## Description of the task
Go through the listing below and repeat it exactly, dropping the pictures.
[Data segment — start]
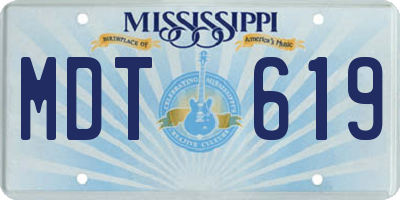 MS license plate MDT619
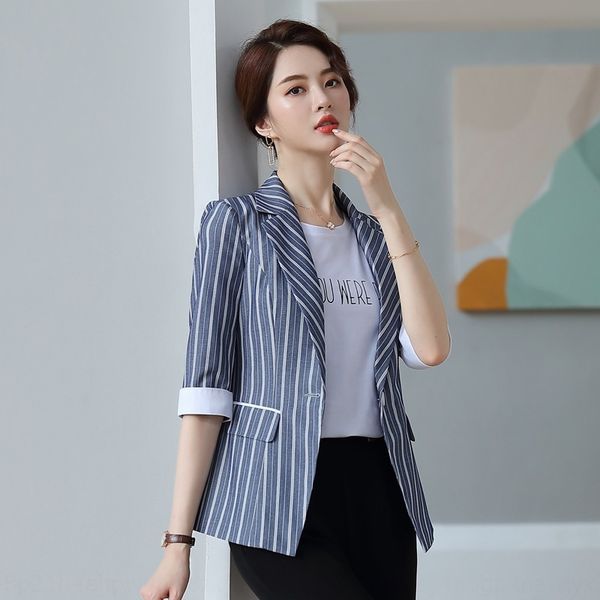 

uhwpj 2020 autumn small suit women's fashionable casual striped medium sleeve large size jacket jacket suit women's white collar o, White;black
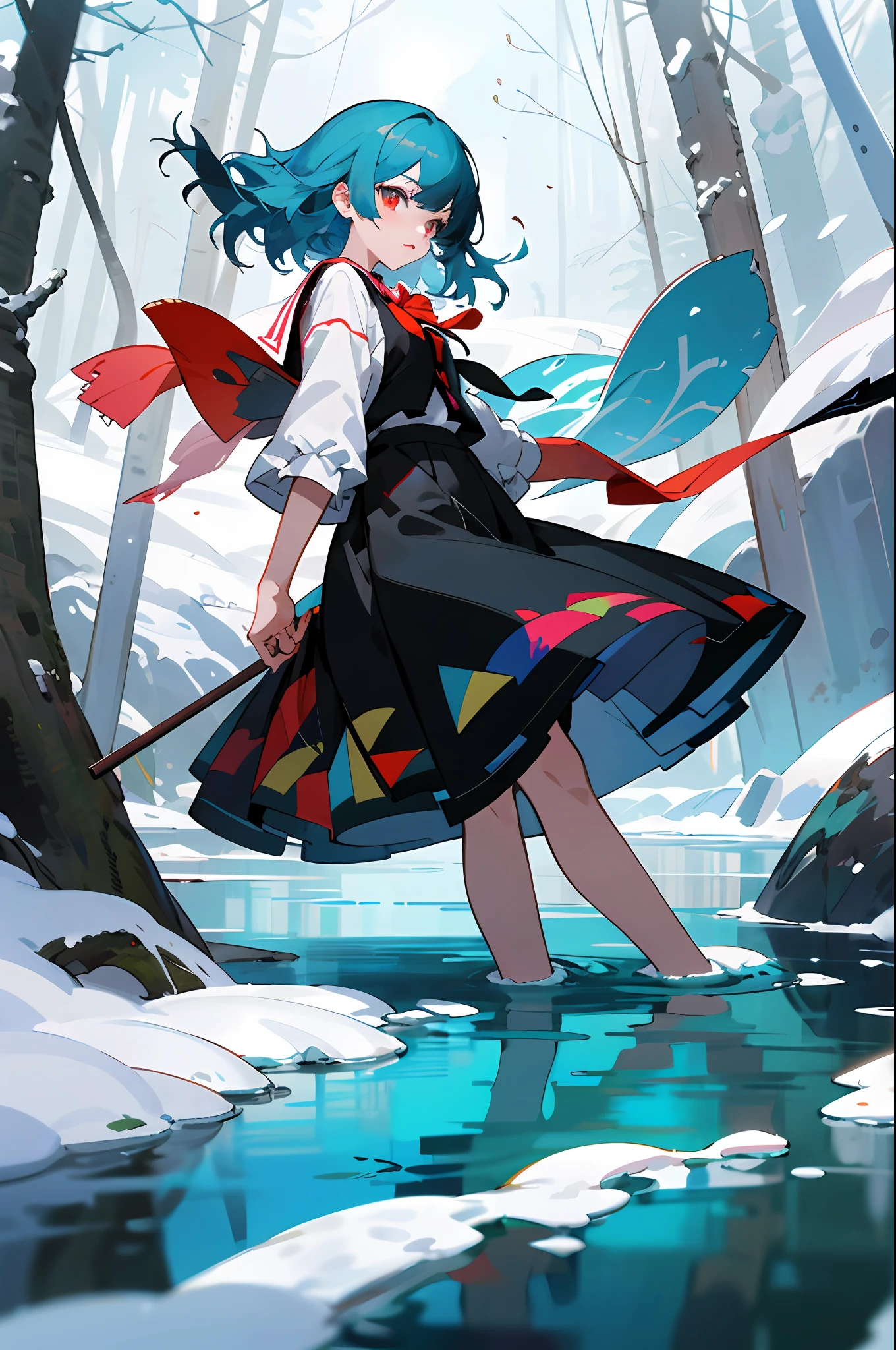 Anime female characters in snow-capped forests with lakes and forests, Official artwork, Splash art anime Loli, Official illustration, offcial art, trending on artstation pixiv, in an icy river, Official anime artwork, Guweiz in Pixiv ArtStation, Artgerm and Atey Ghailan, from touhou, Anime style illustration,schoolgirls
[Data segment — finish]
## Response area
 MS license plate MDT619

uhwpj 2020 autumn small suit women's fashionable casual striped medium sleeve large size jacket jacket suit women's white collar o, White;black
 Anime female characters in snow-capped forests with lakes and forests, Official artwork, Splash art anime Loli, Official illustration, offcial art, trending on artstation pixiv, in an icy river, Official anime artwork, Guweiz in Pixiv ArtStation, Artgerm and Atey Ghailan, from touhou, Anime style illustration,schoolgirls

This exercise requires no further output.